Plaintiffs motion to strike the twenty-first affirmative defense came on for hearing on July 20, 2011 before this court. The parties appeared through their respective counsel. Having read all the papers submitted and carefully considered the relevant legal authority and argument of counsel, the court hereby DENIES plaintiffs motion to strike for the reasons set forth below.

BACKGROUND

This matter is related to the DRAM MDL antitrust litigation (M 02-1486 PJH). Plaintiff Oracle America, Inc. brings this action against defendants Micron Technology, Inc. and Micron Semiconductor Products, Inc. (collectively, “Micron”) to recover damages stemming from the conspiracy to fix prices in the DRAM market that began in 2002, and which led to a criminal investigation by the Department of Justice. On October 25, 2002, Micron admitted its involvement in a price-fixing conspiracy in the DRAM industry and entered into a corporate leniency agreement with DOJ. See doc. no. 54, Ex. 1 (Micron Amnesty Agreement). Micron provided information about the conspiracy in exchange for the DOJ’s agreement “not to bring any criminal prosecution against Micron for any act or offense it may have committed prior to the date of [Micron’s amnesty agreement with DOJ] in connection with the anticompetitive conduct being reported.” Id. at 2. In March 2008, the Antitrust Division notified counsel for Micron that it had concluded its investigation, making its amnesty agreement “final.” Doc. no. 60 ¶ 5.

In 2002, customers who had purchased DRAM chips from members of the alleged conspiracy brought direct and indirect purchaser class-action lawsuits against Micron and other DRAM manufacturers alleging violations of the Sherman Act and state antitrust laws. Many state attorneys general also sued. In 2006 and 2007, Sun Microsystems (“Sun”) (which Oracle acquired in January 2010) and other plaintiffs opted out of the DRAM class action and filed individual lawsuits against members of the alleged conspiracy.
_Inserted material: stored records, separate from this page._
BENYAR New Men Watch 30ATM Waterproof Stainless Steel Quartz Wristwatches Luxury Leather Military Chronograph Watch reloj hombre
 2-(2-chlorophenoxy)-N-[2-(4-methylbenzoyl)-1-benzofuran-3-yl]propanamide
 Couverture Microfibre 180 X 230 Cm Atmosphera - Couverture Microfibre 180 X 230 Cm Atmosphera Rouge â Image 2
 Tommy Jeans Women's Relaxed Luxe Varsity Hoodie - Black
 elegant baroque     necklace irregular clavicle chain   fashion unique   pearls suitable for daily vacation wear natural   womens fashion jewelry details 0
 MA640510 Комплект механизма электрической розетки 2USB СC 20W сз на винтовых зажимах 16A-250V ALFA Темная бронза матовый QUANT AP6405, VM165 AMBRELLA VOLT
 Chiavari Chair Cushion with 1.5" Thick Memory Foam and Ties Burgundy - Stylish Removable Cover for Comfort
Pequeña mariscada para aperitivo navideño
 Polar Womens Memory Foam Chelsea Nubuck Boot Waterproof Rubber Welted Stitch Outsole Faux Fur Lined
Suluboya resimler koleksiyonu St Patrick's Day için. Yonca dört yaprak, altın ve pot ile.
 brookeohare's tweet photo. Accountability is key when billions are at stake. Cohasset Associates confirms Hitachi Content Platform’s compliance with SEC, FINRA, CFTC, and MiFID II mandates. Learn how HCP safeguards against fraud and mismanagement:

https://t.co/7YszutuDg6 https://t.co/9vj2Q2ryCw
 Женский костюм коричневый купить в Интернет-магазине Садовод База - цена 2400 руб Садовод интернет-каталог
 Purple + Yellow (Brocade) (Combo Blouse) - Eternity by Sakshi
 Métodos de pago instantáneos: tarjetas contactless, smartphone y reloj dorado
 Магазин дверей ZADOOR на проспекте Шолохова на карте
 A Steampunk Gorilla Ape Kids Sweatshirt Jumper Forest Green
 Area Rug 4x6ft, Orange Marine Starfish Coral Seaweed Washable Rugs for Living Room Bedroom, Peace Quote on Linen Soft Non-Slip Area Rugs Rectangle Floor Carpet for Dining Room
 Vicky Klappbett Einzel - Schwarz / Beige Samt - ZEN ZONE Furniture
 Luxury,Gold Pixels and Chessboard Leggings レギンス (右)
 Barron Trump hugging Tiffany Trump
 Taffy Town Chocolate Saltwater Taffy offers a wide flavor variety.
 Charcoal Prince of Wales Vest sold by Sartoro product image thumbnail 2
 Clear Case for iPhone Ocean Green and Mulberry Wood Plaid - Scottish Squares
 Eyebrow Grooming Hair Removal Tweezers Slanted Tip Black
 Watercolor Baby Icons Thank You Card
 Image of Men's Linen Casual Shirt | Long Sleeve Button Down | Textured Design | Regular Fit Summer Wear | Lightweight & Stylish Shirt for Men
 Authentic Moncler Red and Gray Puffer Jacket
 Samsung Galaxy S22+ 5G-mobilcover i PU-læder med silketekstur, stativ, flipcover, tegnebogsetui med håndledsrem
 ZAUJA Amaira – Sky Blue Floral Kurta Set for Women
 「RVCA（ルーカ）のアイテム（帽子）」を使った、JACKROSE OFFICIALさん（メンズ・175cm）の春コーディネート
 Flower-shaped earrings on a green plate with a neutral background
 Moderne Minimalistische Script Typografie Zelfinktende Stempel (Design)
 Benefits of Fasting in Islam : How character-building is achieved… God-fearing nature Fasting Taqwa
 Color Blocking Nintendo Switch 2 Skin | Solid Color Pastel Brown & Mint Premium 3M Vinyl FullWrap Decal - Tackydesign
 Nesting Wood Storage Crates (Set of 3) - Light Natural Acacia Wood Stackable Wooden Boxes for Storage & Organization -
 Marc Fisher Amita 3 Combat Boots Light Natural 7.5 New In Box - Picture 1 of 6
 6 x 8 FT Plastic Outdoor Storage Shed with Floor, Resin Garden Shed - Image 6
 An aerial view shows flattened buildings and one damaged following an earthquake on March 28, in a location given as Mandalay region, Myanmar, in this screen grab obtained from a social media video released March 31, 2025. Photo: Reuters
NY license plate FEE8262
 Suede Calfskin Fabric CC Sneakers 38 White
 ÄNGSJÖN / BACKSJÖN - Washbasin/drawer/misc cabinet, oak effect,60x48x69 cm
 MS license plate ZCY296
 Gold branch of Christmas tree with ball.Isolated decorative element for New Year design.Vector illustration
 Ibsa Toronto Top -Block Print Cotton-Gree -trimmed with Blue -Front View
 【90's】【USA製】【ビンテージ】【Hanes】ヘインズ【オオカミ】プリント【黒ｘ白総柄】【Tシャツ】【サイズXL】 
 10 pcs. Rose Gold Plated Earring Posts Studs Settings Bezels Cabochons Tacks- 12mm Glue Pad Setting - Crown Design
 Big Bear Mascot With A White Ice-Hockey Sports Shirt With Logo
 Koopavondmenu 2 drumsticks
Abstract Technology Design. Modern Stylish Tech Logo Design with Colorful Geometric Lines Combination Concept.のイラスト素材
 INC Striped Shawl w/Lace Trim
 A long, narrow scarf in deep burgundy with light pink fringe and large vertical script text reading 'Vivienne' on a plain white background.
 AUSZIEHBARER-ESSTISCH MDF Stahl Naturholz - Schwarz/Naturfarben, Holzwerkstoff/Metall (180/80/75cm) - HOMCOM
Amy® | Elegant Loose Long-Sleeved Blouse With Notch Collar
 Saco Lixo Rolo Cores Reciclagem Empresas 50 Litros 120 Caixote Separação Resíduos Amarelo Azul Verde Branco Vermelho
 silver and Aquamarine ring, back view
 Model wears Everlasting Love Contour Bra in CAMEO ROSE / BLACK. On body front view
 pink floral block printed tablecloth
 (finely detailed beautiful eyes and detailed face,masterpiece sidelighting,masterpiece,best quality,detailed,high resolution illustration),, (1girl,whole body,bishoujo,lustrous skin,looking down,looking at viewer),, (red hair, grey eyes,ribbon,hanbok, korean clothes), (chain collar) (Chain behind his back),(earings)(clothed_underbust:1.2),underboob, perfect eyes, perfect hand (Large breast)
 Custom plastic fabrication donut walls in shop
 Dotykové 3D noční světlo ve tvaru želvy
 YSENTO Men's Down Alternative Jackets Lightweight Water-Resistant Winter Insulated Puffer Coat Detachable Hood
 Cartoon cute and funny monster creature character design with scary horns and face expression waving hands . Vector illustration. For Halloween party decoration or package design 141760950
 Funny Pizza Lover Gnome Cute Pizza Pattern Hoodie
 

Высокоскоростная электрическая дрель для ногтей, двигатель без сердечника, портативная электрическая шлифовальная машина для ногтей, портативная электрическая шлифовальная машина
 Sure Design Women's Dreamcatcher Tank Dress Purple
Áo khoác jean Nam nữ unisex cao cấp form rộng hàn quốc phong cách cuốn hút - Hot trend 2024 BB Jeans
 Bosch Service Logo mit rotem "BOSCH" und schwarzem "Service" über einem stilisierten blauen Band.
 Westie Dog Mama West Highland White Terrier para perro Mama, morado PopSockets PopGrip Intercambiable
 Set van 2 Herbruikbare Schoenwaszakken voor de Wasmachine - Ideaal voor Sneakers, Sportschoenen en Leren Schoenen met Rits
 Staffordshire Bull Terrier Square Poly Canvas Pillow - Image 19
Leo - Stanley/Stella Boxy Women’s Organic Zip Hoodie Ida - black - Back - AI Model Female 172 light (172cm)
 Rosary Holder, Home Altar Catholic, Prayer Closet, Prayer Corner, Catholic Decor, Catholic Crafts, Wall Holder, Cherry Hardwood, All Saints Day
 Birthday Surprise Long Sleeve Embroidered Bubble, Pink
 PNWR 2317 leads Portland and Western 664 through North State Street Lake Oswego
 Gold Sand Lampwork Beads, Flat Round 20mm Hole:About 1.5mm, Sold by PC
Micron represents that Sun did not initially name Micron as a defendant in its suit, but instead entered into a tolling agreement. Doc. no. 59 at 8. In the prior antitrust litigation brought against other DRAM suppliers, Sun sought Micron’s cooperation. Counsel for Sun sent Micron a letter, making a “Demand for Cooperation.” See doc. no. 60-3, Ex. C. In that letter, dated September 12, 2006, counsel for Sun made the following representations to counsel for Micron:

We understand that Micron has sought corporate amnesty under the Department of Justice Antitrust Division Corporate Leniency Program. We further understand that Micron has entered into a conditional leniency agreement and is seeking to take advantage of reduced penalties that may be available under § 212 of the Antitrust Criminal Penalty Enhancement and Reform Act of 2004 (the “Act”). As you know, in conjunction with Micron’s leniency agreement, to receive the benefits of the Act Micron is required to cooperate fully with Sun and Unisys in a variety of ways, including providing a full account to our clients of all facts known that are potentially relevant to the civil action; furnishing all documents or other items potentially relevant to the civil action that are in its possession, custody, or control; and making individuals such as officers, directors and employees available for interviews, depositions, and tes *1131 timonies in connection with the civil action. See Act at § 213(b)(1), (2) and (3).

Doc. no. 60-3, Ex. C. Micron provided such information as a defendant in other opt-out cases that had been consolidated with Sun’s prior action for pre-trial purposes, including discovery. Doc. no. 53 at 6 n. 2. Sun settled its antitrust claims against the defendants in the prior civil action shortly before trial. Doc. no. 59 at 9; doc. no. 68-3 at 3.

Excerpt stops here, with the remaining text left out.